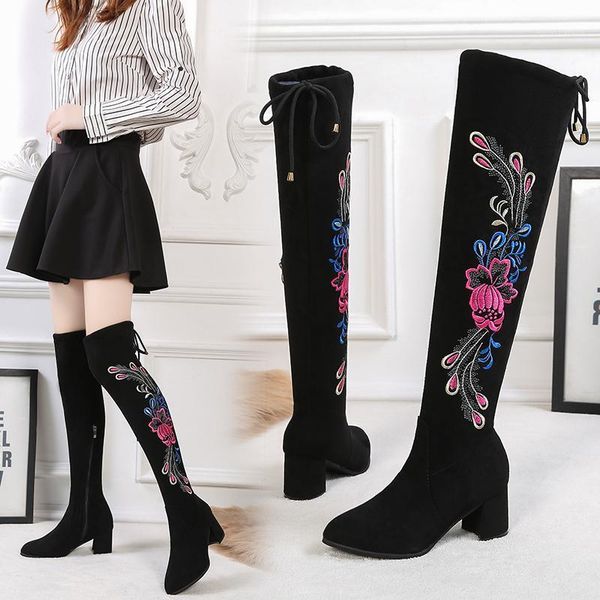 lady boots rock shoes woman luxury designer thigh high heels high round toe winter footwear boots-women1, Black
lady boots rock shoes woman luxury designer thigh high heels high round toe winter footwear boots-women1, Black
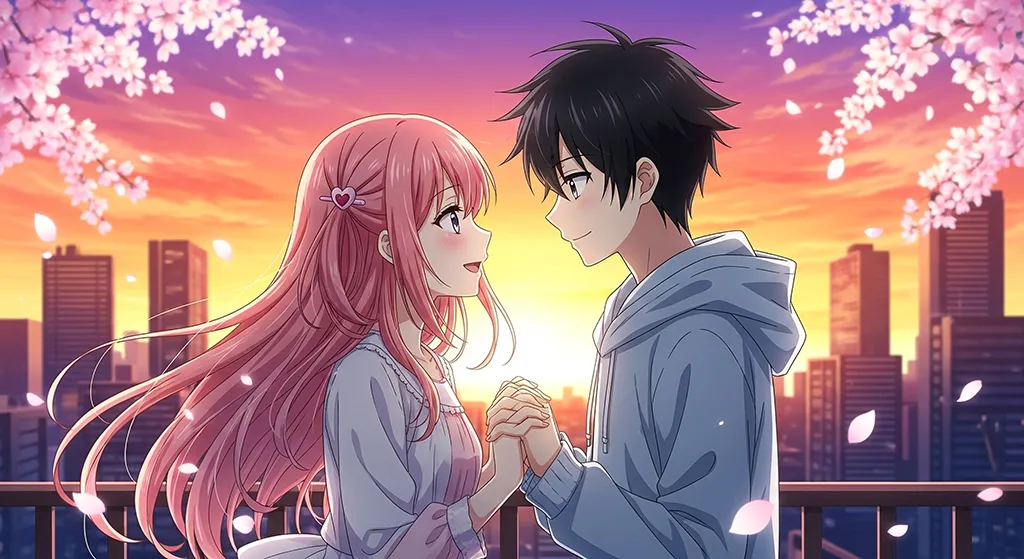 Anime couple cherry blossom sunset wallpaper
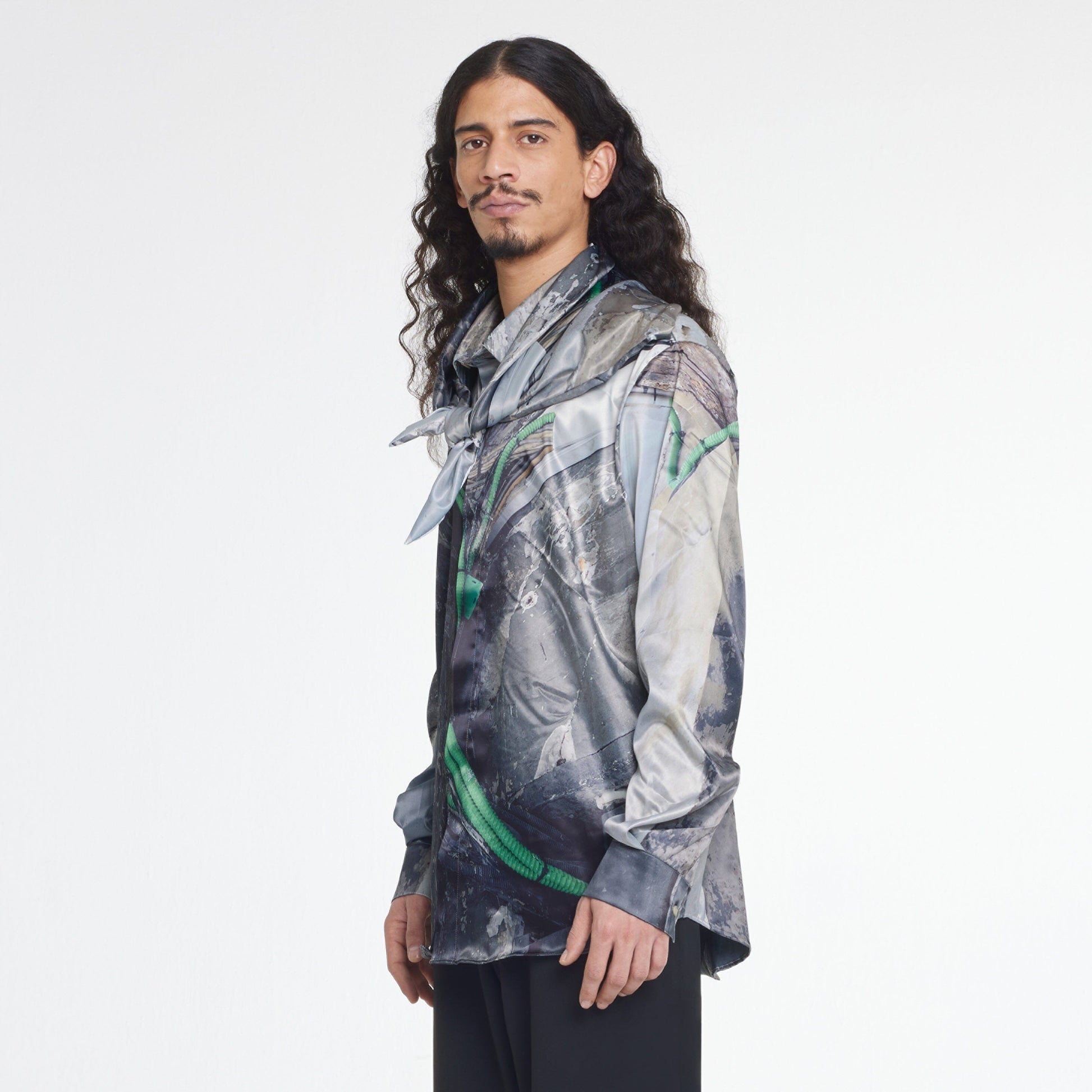 Hooded Street Image Viscose Shirt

────

_WORK INSTRUCTION_
Word for word, quote the lines above. Omit the pictures.

_RESPONSE BELOW_
 lady boots rock shoes woman luxury designer thigh high heels high round toe winter footwear boots-women1, Black
lady boots rock shoes woman luxury designer thigh high heels high round toe winter footwear boots-women1, Black
 Anime couple cherry blossom sunset wallpaper
 Hooded Street Image Viscose Shirt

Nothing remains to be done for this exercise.